Malhotra Sony, Sowdhamini Ramanathan
National Centre for Biological Sciences (TIFR), GKVK Campus, Bellary Road, Bangalore 560 065, India.
BMC Genomics. 2014 Dec 22;15(1):1159. doi: 10.1186/1471-2164-15-1159.
Gene expression is tightly regulated at both transcriptional and post-transcriptional levels. RNA-binding proteins are involved in post-transcriptional gene regulation events. They are involved in a variety of functions such as splicing, alternative splicing, nuclear import and export of mRNA, RNA stability and translation. There are several well-characterized RNA-binding motifs present in a whole genome, such as RNA recognition motif (RRM), KH domain, zinc-fingers etc. In the present study, we have investigated human genome for the presence of RRM-containing gene products starting from RRM domains in the Pfam (Protein family database) repository.
In Pfam, seven families are recorded to contain RRM-containing proteins. We studied these families for their taxonomic representation, sequence features (identity, length, phylogeny) and structural properties (mapping conservation on the structures). We then examined the presence of RRM-containing gene products in Homo sapiens genome and identified 928 RRM-containing gene products. These were studied for their predicted domain architectures, biological processes, involvement in pathways, disease relevance and disorder content. RRM domains were observed to occur multiple times in a single polypeptide. However, there are 56 other co-existing domains involved in different regulatory functions. Further, functional enrichment analysis revealed that RRM-containing gene products are mainly involved in biological functions such as mRNA splicing and its regulation.
Our sequence analysis identified RRM-containing gene products in the human genome and provides insights into their domain architectures and biological functions. Since mRNA splicing and gene regulation are important in the cellular machinery, this analysis provides an early overview of genes that carry out these functions.
基因表达在转录和转录后水平都受到严格调控。RNA结合蛋白参与转录后基因调控事件。它们参与多种功能,如剪接、可变剪接、mRNA的核输入和输出、RNA稳定性及翻译。在整个基因组中存在几种特征明确的RNA结合基序,如RNA识别基序(RRM)、KH结构域、锌指等。在本研究中,我们从Pfam(蛋白质家族数据库)储存库中的RRM结构域开始,对人类基因组中含RRM的基因产物进行了研究。

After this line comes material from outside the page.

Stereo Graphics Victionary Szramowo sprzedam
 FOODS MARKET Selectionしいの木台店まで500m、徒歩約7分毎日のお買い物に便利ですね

在Pfam中,记录有7个家族包含含RRM的蛋白质。我们研究了这些家族的分类代表性、序列特征(同一性、长度、系统发育)和结构特性(在结构上绘制保守性)。然后,我们检查了智人基因组中含RRM的基因产物的存在情况,并鉴定出928个含RRM的基因产物。对这些产物的预测结构域结构、生物学过程、参与的途径、疾病相关性和紊乱内容进行了研究。观察到RRM结构域在单个多肽中多次出现。然而,还有56个其他共存结构域参与不同的调控功能。此外,功能富集分析表明,含RRM的基因产物主要参与mRNA剪接及其调控等生物学功能。
我们的序列分析在人类基因组中鉴定出含RRM的基因产物,并提供了对其结构域结构和生物学功能的见解。由于mRNA剪接和基因调控在细胞机制中很重要,该分析提供了对执行这些功能的基因的早期概述。